First, our single-center retrospective study cannot cover all the potential characteristics associated with survival outcomes during admission. 1. Since patients were enrolled within a time frame of more than 10 years, we cannot rule out that specific changes in treatment philosophy or technology may affect the results; 2. errors from patients declining therapy or shortening their course of therapy and data records also affect their accuracy; and 3. although the performance of the algorithm has good results, the sample size is relatively small and comes from single-center data. The research with larger samples may obtain higher prediction ability. Therefore, our results may not be directly applicable to other centers or countries.
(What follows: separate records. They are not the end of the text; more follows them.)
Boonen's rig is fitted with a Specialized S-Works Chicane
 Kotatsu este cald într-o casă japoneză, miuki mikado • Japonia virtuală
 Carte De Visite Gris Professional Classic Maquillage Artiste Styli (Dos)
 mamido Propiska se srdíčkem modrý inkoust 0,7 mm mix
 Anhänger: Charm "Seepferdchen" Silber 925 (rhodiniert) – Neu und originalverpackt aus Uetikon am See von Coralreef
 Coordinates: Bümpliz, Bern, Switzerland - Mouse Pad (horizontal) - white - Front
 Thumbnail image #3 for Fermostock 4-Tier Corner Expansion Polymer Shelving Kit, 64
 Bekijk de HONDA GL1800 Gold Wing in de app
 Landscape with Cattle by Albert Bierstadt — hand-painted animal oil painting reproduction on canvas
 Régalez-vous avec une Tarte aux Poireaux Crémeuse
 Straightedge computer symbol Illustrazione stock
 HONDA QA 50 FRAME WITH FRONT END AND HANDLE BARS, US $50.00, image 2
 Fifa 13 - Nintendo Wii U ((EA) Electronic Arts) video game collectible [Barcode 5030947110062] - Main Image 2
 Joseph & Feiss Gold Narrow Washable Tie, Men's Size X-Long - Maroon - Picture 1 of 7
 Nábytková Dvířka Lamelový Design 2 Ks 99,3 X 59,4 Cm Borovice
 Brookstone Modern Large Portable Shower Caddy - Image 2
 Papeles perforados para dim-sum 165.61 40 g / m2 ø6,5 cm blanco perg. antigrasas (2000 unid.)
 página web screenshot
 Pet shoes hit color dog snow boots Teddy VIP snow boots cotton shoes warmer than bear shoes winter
Second, the exact causal relationship and causes between these predictive variables and 7-day survival outcomes could not be determined. (1) This is an unavoidable disadvantage of cross-sectional research compared with prospective research, and (2) Our model cannot replace clinical judgment and result in risk stratification based on human long-term experience, and may still be better than the best algorithm. Therefore, the application of prognosis stratification in individual patients should be treated with caution.

Third, any model is bound to have some limitations. (1) The sample size for high prognostic risk is relatively small, accounting for only 10.2% of the total sample. Even though we use a data-balancing correlation algorithm, we could not fully improve the model's low attention to high-risk samples, which affected the accuracy of the model; (2) in the STG, fewer intraoperative indicators are included due to the limitation of the surgical record file in the database, which may have contributed to the larger difference in the risk stratification performance of the model; (3) models requires external validation to verify applicability at the clinical level.